Matayal was comforted when she felt various life forms around her. First there were microscopic organisms. They would feed on tiny particles in the water, likely scraps from up above- or anything else that died in the area. Then there were fish. Strange flare ones, bulbous misshapen ones, ones that were more teeth than anything else. Many of them seemed to possess their own amount of water elemental spiritual energy, though that wasn’t strange in an area with such high concentrations.

The three cultivators came to rest on a shelf where they were pleased to find not only deep sea corals of some sort but also barnacles. They moved with caution, taking note of everything around them. Trouble from the sea god was one thing, but there could easily be other beasts of great power in the depths. It would be stranger if there weren’t, but so far they had avoided them without issues.

As Matayal was inspecting one of the barnacles, strange wide lumps on the rocky shelf with little feelers reaching for particulates and the tiny creatures that lived in the waters, she sensed something odd. Reading the flow of energy in the area could be difficult with the sea god’s presence suffusing everything, but she sensed great power in the ground itself. She was not an earth element cultivator, but her senses were able to reach deeper and find that it was not quite so rocky as she assumed.
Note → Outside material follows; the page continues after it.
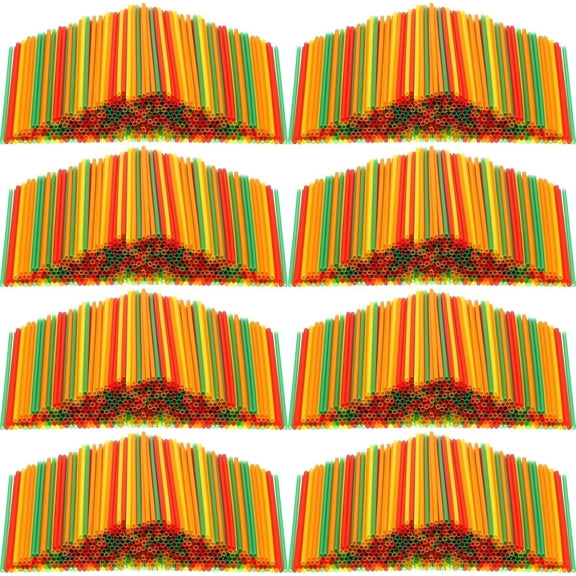 6000 count Count Coffee Stirrers Straws Disposable Plastic Sip Stir Sticks Drink Stirrers Sticks Cups Straws for Bars Juice Drinking(Colorful,5 Inch)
She wasn’t quite certain of her find but as she moved laterally throughout the area she found more shelves of ‘rock’, covered in various forms of life and possessing little ecosystems of their own. Yet only the surface level of the area was stone, with something alive underneath.
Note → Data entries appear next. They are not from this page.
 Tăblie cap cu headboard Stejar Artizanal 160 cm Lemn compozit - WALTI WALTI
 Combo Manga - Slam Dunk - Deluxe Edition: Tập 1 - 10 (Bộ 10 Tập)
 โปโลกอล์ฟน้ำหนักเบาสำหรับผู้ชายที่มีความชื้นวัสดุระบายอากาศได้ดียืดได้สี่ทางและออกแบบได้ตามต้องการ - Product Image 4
Her inspections continued as she sent her senses as deep as she could into the ground. Her senses couldn’t not penetrate far through the creature, but she was able to confirm it was one creature of which many- but not all- of the shelves appeared to be parts of fins covered over by the ground itself. The bulk of the creature continued deeper into the cliff face.

Yet she also felt the same source deeper, indicating just a portion was reaching up to where she was. She and John had assumed that the sea god was some creature that lived deep in the depths. They had even assumed it to be very large, but for it to reach from the furthest points she could sense it up to her current location, they had clearly underestimated it.

The question that remained in her mind had answers with significant consequences. Was it an ancient beast that slumbered so long that the land grew up around it? With all the volcanic activity in the area that was possible over a long timespan. Or was it something else… such as it being imprisoned? She didn’t feel any current struggle, but why would there be, if it had been trapped for an unknown period of time? Obviously it would have to conserve its energy to survive, or it could have simply broken out immediately.

It was an interesting theory, but Matayal was still leaning towards the former idea. It wasn’t necessarily trapped, but perhaps hibernating or something of the sort. The timescales of cultivators were extended greatly, and ancient beasts with vast cultivations could live for unknown centuries, sometimes more in the right circumstances. An extended hibernation was a stretch, but less so than believing that somebody had the ability to trap such a creature.

Livna and Yonit seemed to be reaching their limits of comfort concerning the pressure, so Matayal took a break to give them time to acclimate themselves. Her cultivation was in the beginning of the next Phase and she had prior experience, so it wasn’t a surprise that they had more trouble. She could have pressed a bit deeper on her own, but Matayal quite liked being alive and didn’t think saving half an hour was worth risking trouble that she couldn’t fight on her own. Or something she could defeat that would injure or poison her, which would be just as bad.